* _Activity_
After locating the line with "自动驾驶软件架构之：中间件与SOA（二）的图7", set down that line and all the lines that follow it, unchanged, to the end of the records; omit the pictures.

BEGIN Records to use

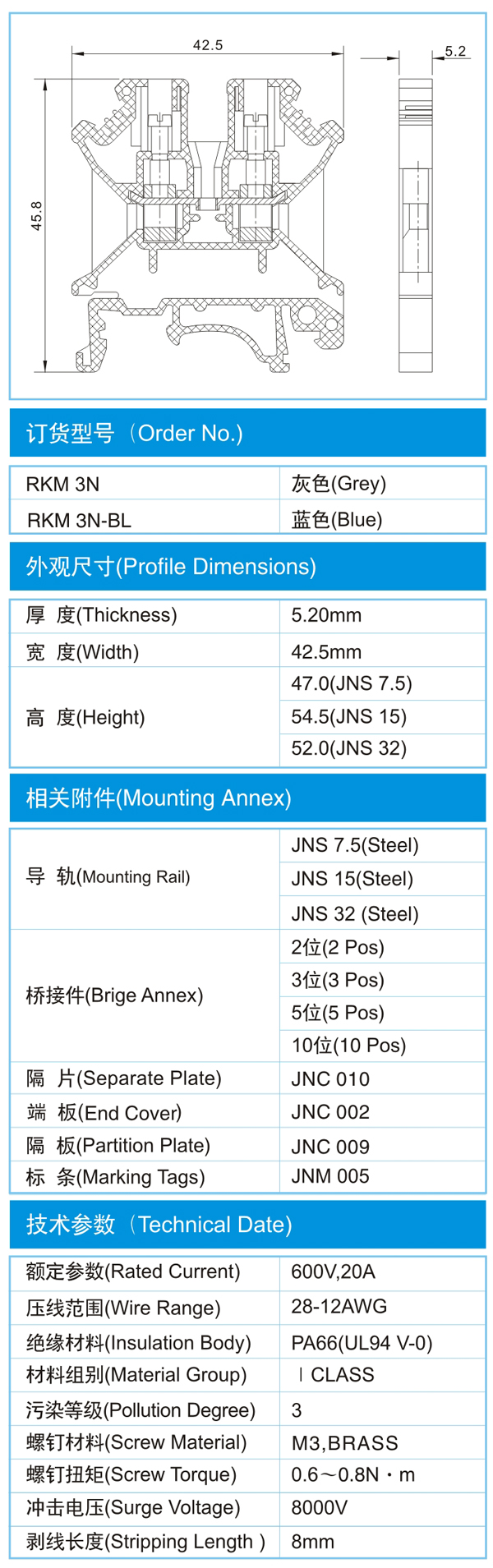 导轨式接线端子,RKM 3N(600V,20A)尺寸图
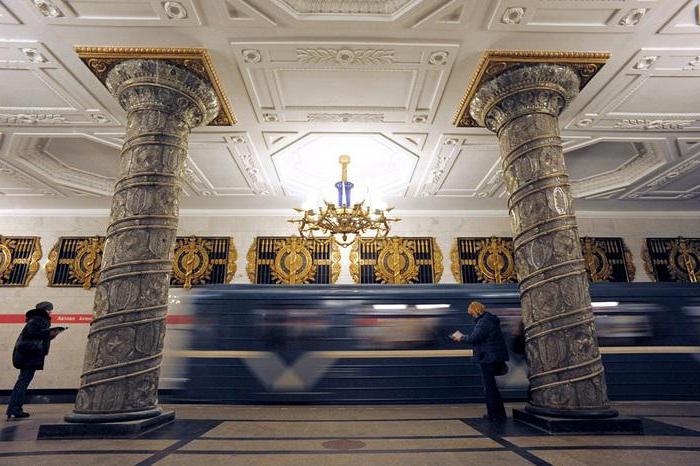 станции метро санкт петербурга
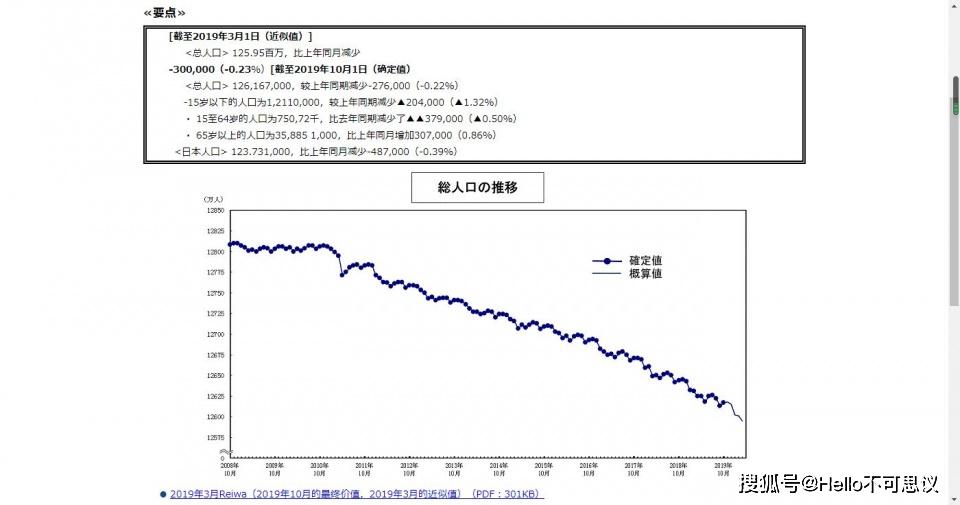 日本有人口危机吗_3d日本人口工漫画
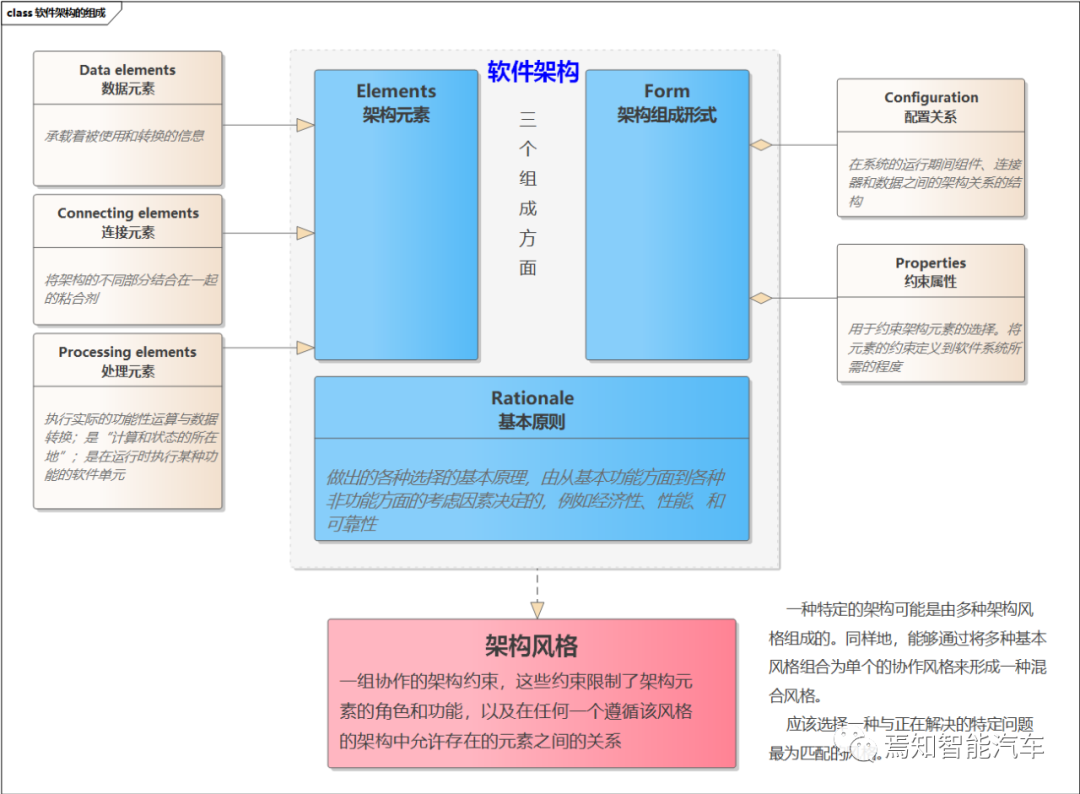 自动驾驶软件架构之：中间件与SOA（二）的图7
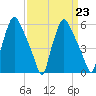 Philadelphia tide chart for Thursday, March 23, 2023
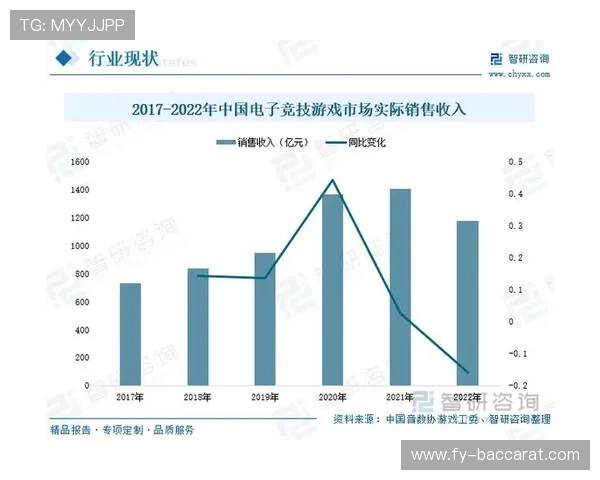 为什么竞技游戏能够孕育出职业选手并形成独特的职业化发展道路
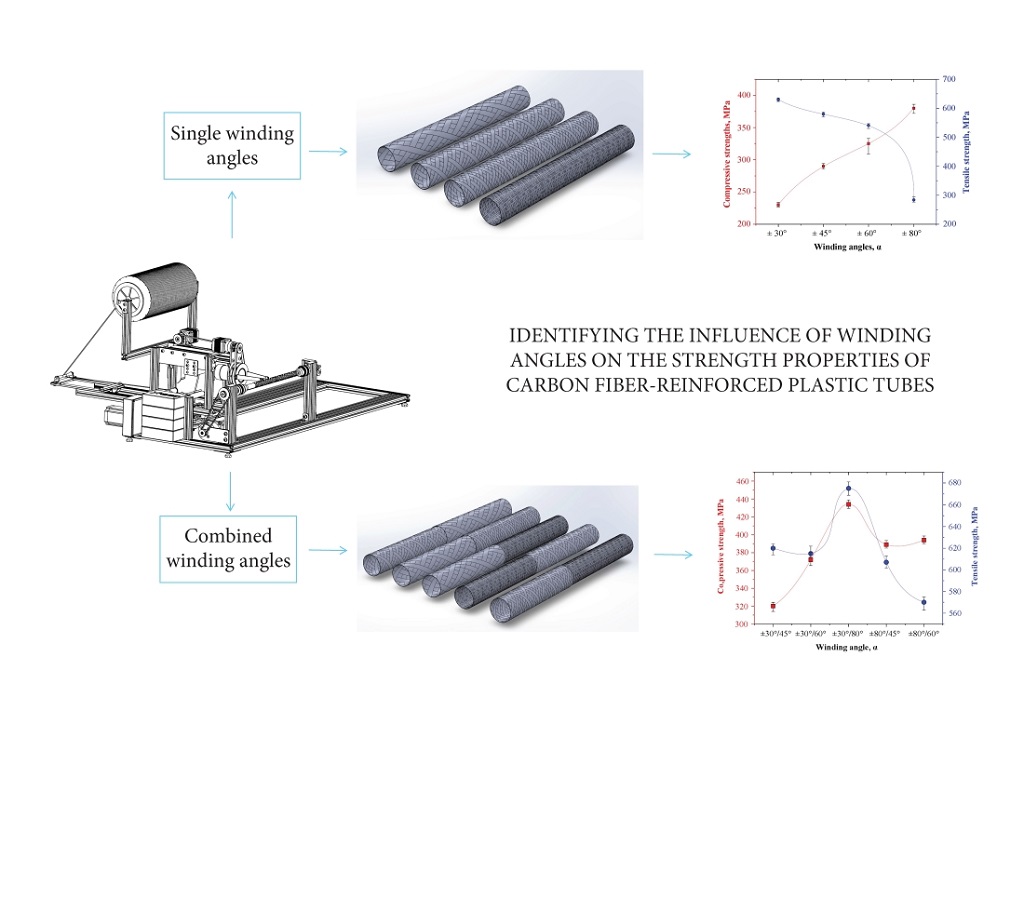 Виявлення впливу кутів намотування на міцнісні властивості пластикових труб, армованих вуглецевим волокном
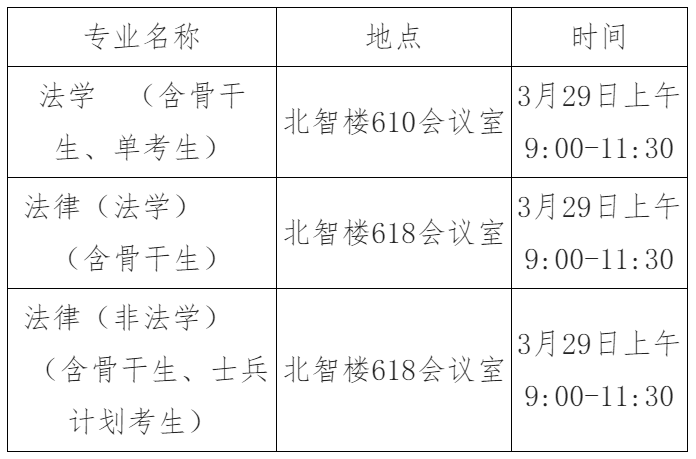 中国语言学校分数线_2023年北京外国语学院研究生院录取分数线_国内语言类大学分数线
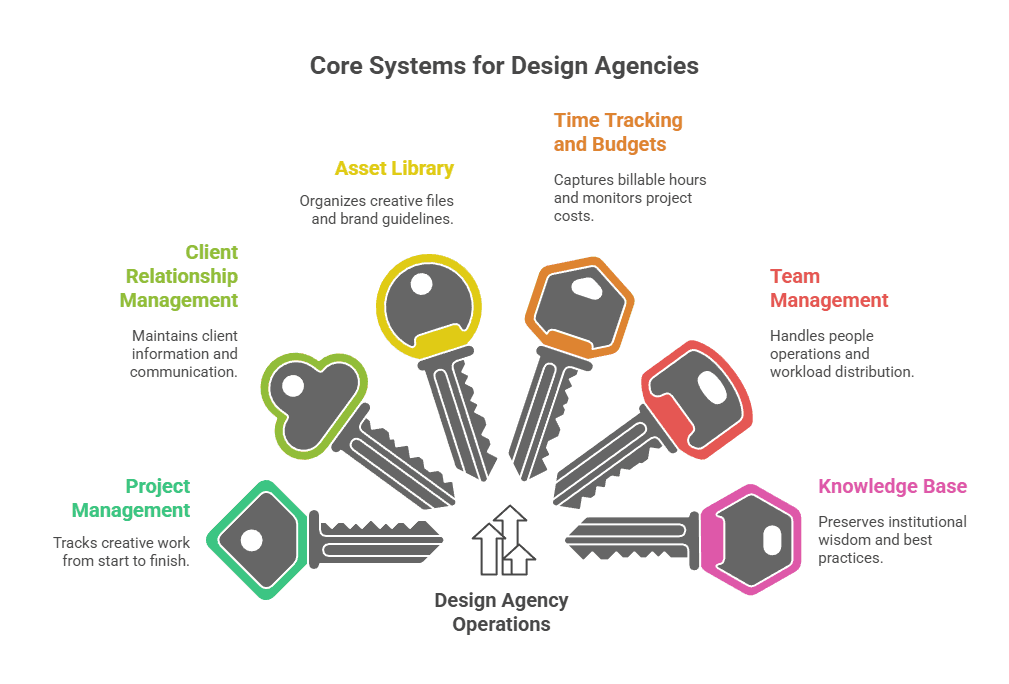 Core Notion systems for design agencies infographic
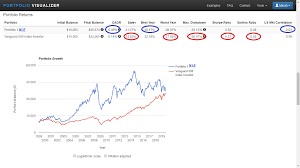 best long term performance energy sector etfs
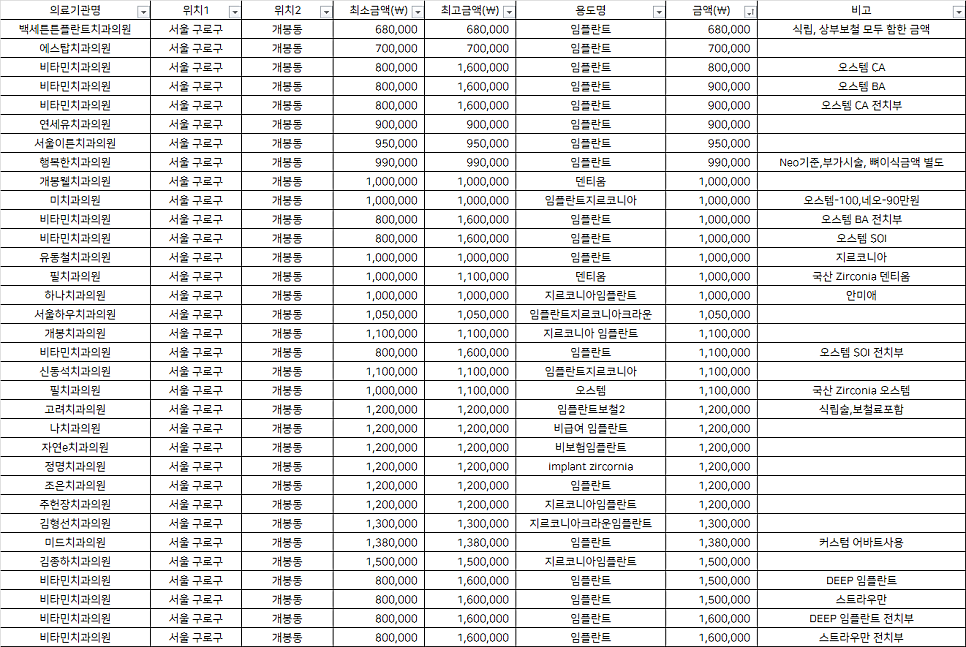 에스탑치과의원 이미지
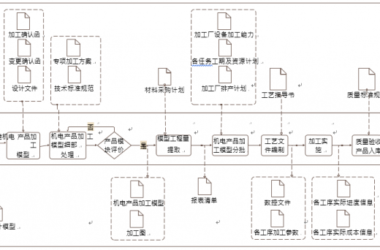 Key Applications of BIM in Mechanical and Electrical Product Processing-BIM WORLD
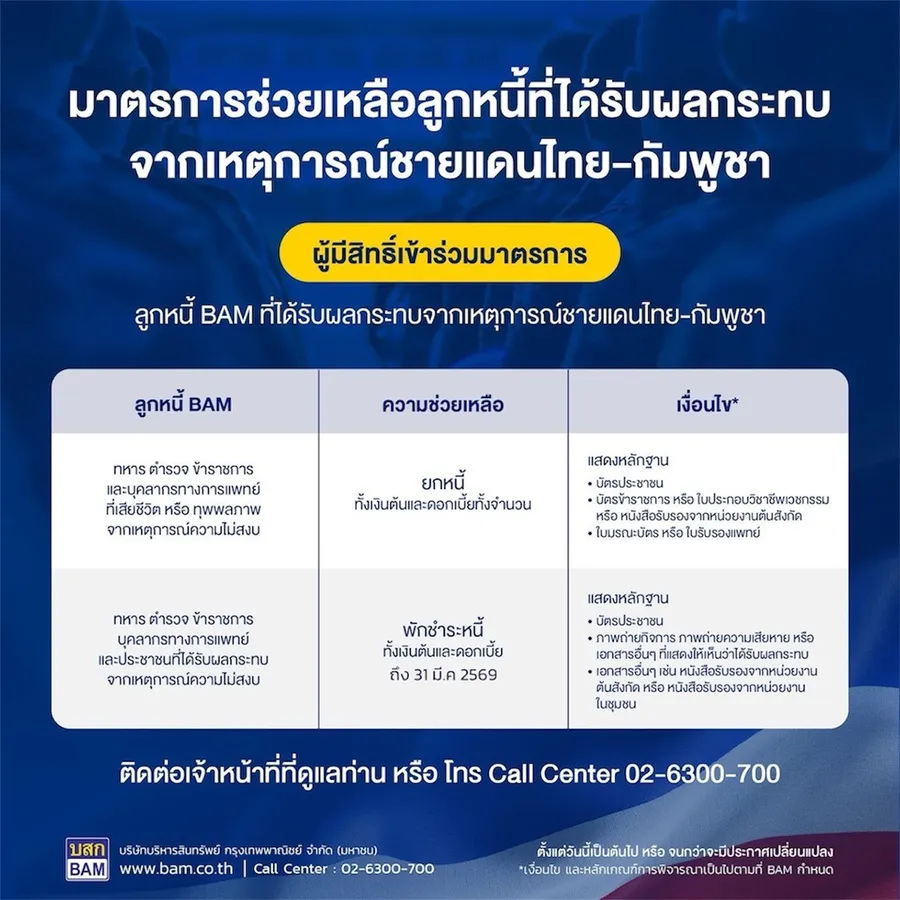 BAM “ยกหนี้” ให้วีรบุรุษผู้เสียสละชีวิตจากเหตุการณ์ ความไม่สงบในบริเวณชายแดนไทย-กัมพูชา BAM “ยกหนี้” ให้วีรบุรุษผู้เสียสละชีวิตจากเหตุการณ์ ความไม่สงบในบริเวณชายแดนไทย-กัมพูชา
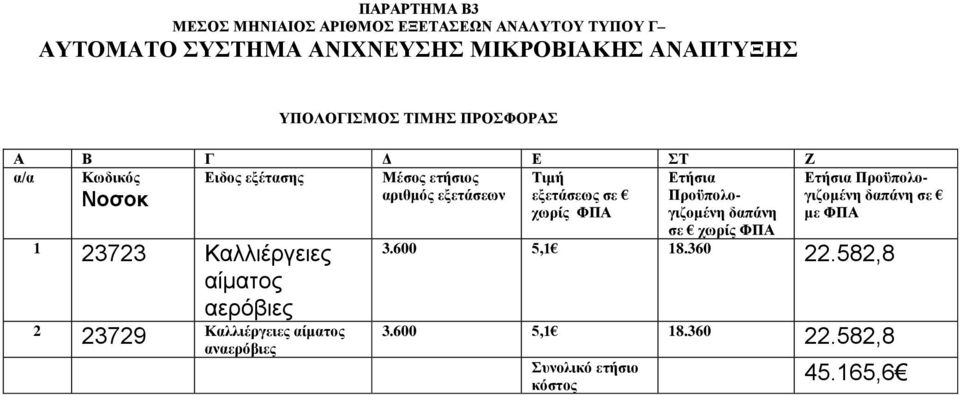 δαπάνη σε Νοσοκ αριθμός εξετάσεων εξετάσεως σε Προϋπολογιζομένη δαπάνη με χωρίς ΦΠΑ ΦΠΑ 1 23723 Καλλιέργειες αίματος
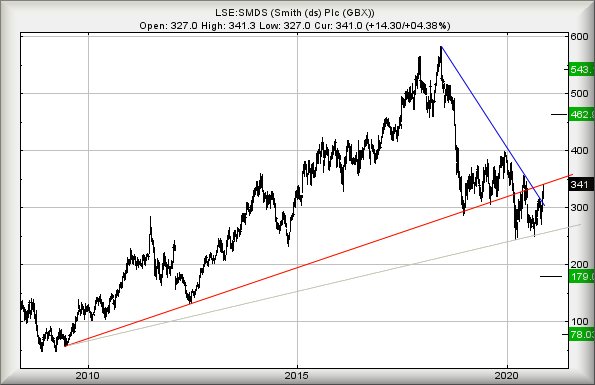 Hey, chart goes here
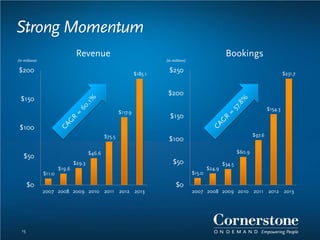 Strong Momentum
$11.0
$19.6
$29.3
$46.6
$75.5
$117.9
$185.1
$0
$50
$100
$150
$200
2007 2008 2009 2010 2011 2012 2013
$15.0
$24.9
$34.5
$60.9
$97.6
$154.3
$231.7
$0
$50
$100
$150
$200
$250
2007 2008 2009 2010 2011 2012 2013
(in millions)
15
(in millions)
Revenue Bookings
 
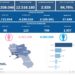 Covid-19 Campania: Bollettino vaccinazioni del 11 maggio 2022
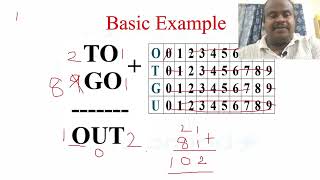 Crypt Arithmetic Problem in Artificial Intelligence | Easy Explanation for Beginners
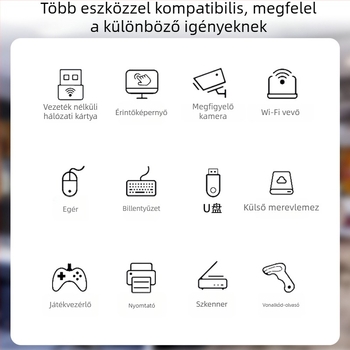 USB 3.0 hosszabbító kábel beépített jel-erősítővel, 10 m, számítógéphez, hálózati kártyához és konferencia kamerához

END Records to use

* _Expected answer_
 自动驾驶软件架构之：中间件与SOA（二）的图7
 Philadelphia tide chart for Thursday, March 23, 2023
 为什么竞技游戏能够孕育出职业选手并形成独特的职业化发展道路
 Виявлення впливу кутів намотування на міцнісні властивості пластикових труб, армованих вуглецевим волокном
 中国语言学校分数线_2023年北京外国语学院研究生院录取分数线_国内语言类大学分数线
 Core Notion systems for design agencies infographic
 best long term performance energy sector etfs
 에스탑치과의원 이미지
 Key Applications of BIM in Mechanical and Electrical Product Processing-BIM WORLD
 BAM “ยกหนี้” ให้วีรบุรุษผู้เสียสละชีวิตจากเหตุการณ์ ความไม่สงบในบริเวณชายแดนไทย-กัมพูชา BAM “ยกหนี้” ให้วีรบุรุษผู้เสียสละชีวิตจากเหตุการณ์ ความไม่สงบในบริเวณชายแดนไทย-กัมพูชา
 δαπάνη σε Νοσοκ αριθμός εξετάσεων εξετάσεως σε Προϋπολογιζομένη δαπάνη με χωρίς ΦΠΑ ΦΠΑ 1 23723 Καλλιέργειες αίματος
 Hey, chart goes here
 Strong Momentum
$11.0
$19.6
$29.3
$46.6
$75.5
$117.9
$185.1
$0
$50
$100
$150
$200
2007 2008 2009 2010 2011 2012 2013
$15.0
$24.9
$34.5
$60.9
$97.6
$154.3
$231.7
$0
$50
$100
$150
$200
$250
2007 2008 2009 2010 2011 2012 2013
(in millions)
15
(in millions)
Revenue Bookings
 
 Covid-19 Campania: Bollettino vaccinazioni del 11 maggio 2022
 Crypt Arithmetic Problem in Artificial Intelligence | Easy Explanation for Beginners
 USB 3.0 hosszabbító kábel beépített jel-erősítővel, 10 m, számítógéphez, hálózati kártyához és konferencia kamerához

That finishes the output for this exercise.